Open edX Cloud Reference Architecture

Hi all,
I would like to start a discussion about a reference architecture of cloud services to host a production implementation of Open edX.

May it be a starting point of an OEP?

Using Tutor, it is clear that this cannot be achieved with a local installation. Instead, we need to use Kubernetes to deploy in a cluster in the cloud.

First of all, we want the infrastructure to be:

  • resilient:
    – if a pod stops responding, a new pod should be recreated in the same or another node
    – if a node is down, the lost pods should be recreated in other nodes, and a new node should be created
    – The nodes should be able to be located in multiple availability zones (AZ). If an AZ is lost, all the lost resources should be recreated in another.
  • scalable:
    – if a pod is consuming over a threshold of resources (cpu, memory, network), a new pod should be created and load should be balanced between them
    – if there is no more room in the existing nodes for new pods, a new node should be launched
    – scalability should work up (grow) and down (shrink when demand slows down)
  • secure
    – implement security measures to protect the application and data safe from potential attacks

In particular for Open edX, we also want it to:

  • allow multiple instances of Open edX in the same infrastructure
  • optimize resources as much as possible in order to reduce operational costs.

We have been working on this reference architecture diagram. It was prepared for AWS, but the concepts can be extended to any cloud provider.

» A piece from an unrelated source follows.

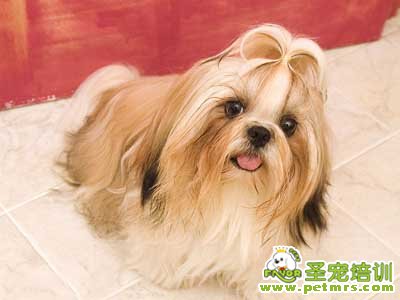 可愛(ài)狗狗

Contributions are welcome! If anyone wants to collaborate with this diagram, let me know and I can let you access. It was created in Lucidchart.

References:

  1. All resources are contained within a dedicated VPC, across three availability zones. There are three types of subnets: one public for Internet access and bastion host and two privates: one for applications and another for databases.
  2. Route53 is used to point all external domains to internal addresses.
  3. CloudFront serves static assets for higher performance.
  4. The ingress is protected with a web application firewall
  5. Only the bastion host is exposed directly to Internet. Administration access to any other services can only be done from this host. To access the bastion host we use Systems Manager’s Session Manager.
  6. The core services (LMS, CMS and forum) are implemented in a Kubernetes cluster in EKS, one namespace per instance. The nodes span all the AZs in an ASG and the ingress is controlled by a load balancer. The images are stored in ECR. All secrets are retrieved at deployment time from AWS Secrets Manager
  7. The Redis services is implemented in AWS ElastiCache for Redis. We use a Redis DB for each namespace.
  8. AWS OpenSearch (formerly ElasticSearch) is the search engine.
  9. The relational database is implemented using RDS Aurora for MySQL. The cluster can have replicas in each AZ. We use one database for each namespace in the same RDS cluster.
  10. MongoDB is implemented using the AWS MongoDB quickstart template in three AZs. We use one database for each namespace in the same cluster.
  11. Emails are sent by the LMS using AWS SES
  12. Static assets are stored in an S3 bucket. We have one bucket per namespace.
4 Likes

this covers most of your 12 points: https://github.com/lpm0073/cookiecutter-openedx-devops

note the following:

  • on point 4, there are actually a variety of firewall protections. the cookiecutter creates somewhere around 10 security groups and IAM roles
  • on point 10, the AWS DynamoDB (hosted MongoDB) service has compatibility problems. i had to back away from using this

there are several other things the Cookiecutter does, such as install hastexo’s experimental backup plugin, credentials plugins, MFE plugin, and so on.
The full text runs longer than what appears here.